Alicia Calcagni, GBP Student
Survey says: Greater Boston Project: 100 points.
This week we got the opportunity to recreate Family Feud in our classroom. Our “families” were our CAP project groups, and playing this game was a great way for us to bond and get to know each other. As many of you know, an important aspect of The Greater Boston Project is collaboration, and this class always makes sure we are learning how to collaborate in a fun and exciting way.
At the start of class, all of the students filled out a ten question survey containing questions that related to our life in and out of school. These questions were the survey questions for the game. Right off the bat, the game became very intense. Each group was given a piece of paper to write down their answers for each survey question. If you looked around the room after the show host (Mr.
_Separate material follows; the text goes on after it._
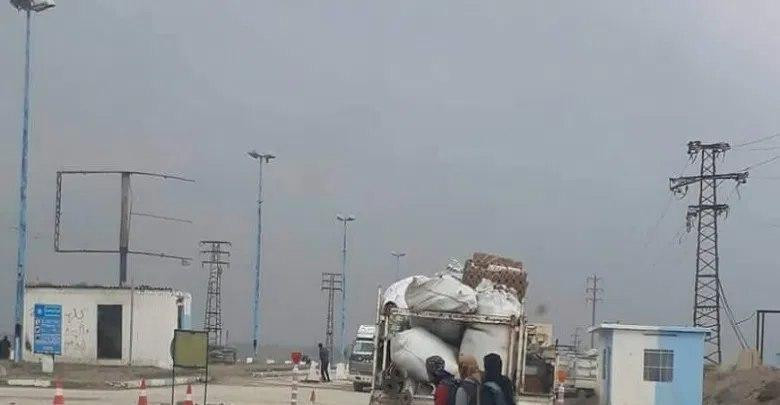 "قسد" تغلق معبر الطبقة بوجه مئ...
O, of course) read the question you would see all of the groups huddled around a piece of paper quietly whispering, so another group would not hear them, ideas of what would answer the question best. In other words, you would see all group members collaborating to determine the right answers.
Creating this competitive environment, made getting to know our group mates a lot easier. The CAP project continues for the rest of the year, and we will need to be able to effectively communicate and make decisions with the same people for the next four months. It is extremely important to be able to problem solve as a group, and challenge or support different people in your group's opinions to make the best project. It may be surprising, but playing Family Feud helped us develop those skills as a group. For example, One question was, “Name different suburbs of Boston, not including Needham.” I was thinking, “Oh no, our options are endless.” The groups were faced with a challenge: picking five suburbs out of a lot that would reward them with the most points. For a while my groupmates and I discussed back and forth what suburbs should be on our list, and after erasing, rewriting, then erasing and rewriting again we finally all agreed on what we thought was the perfect list.
Looking back on the game, the skills we used to answer the questions are the same as the ones we will use to succeed in our CAP Project. This was a great way to kick off our project and get to know our peers in a easy-going environment.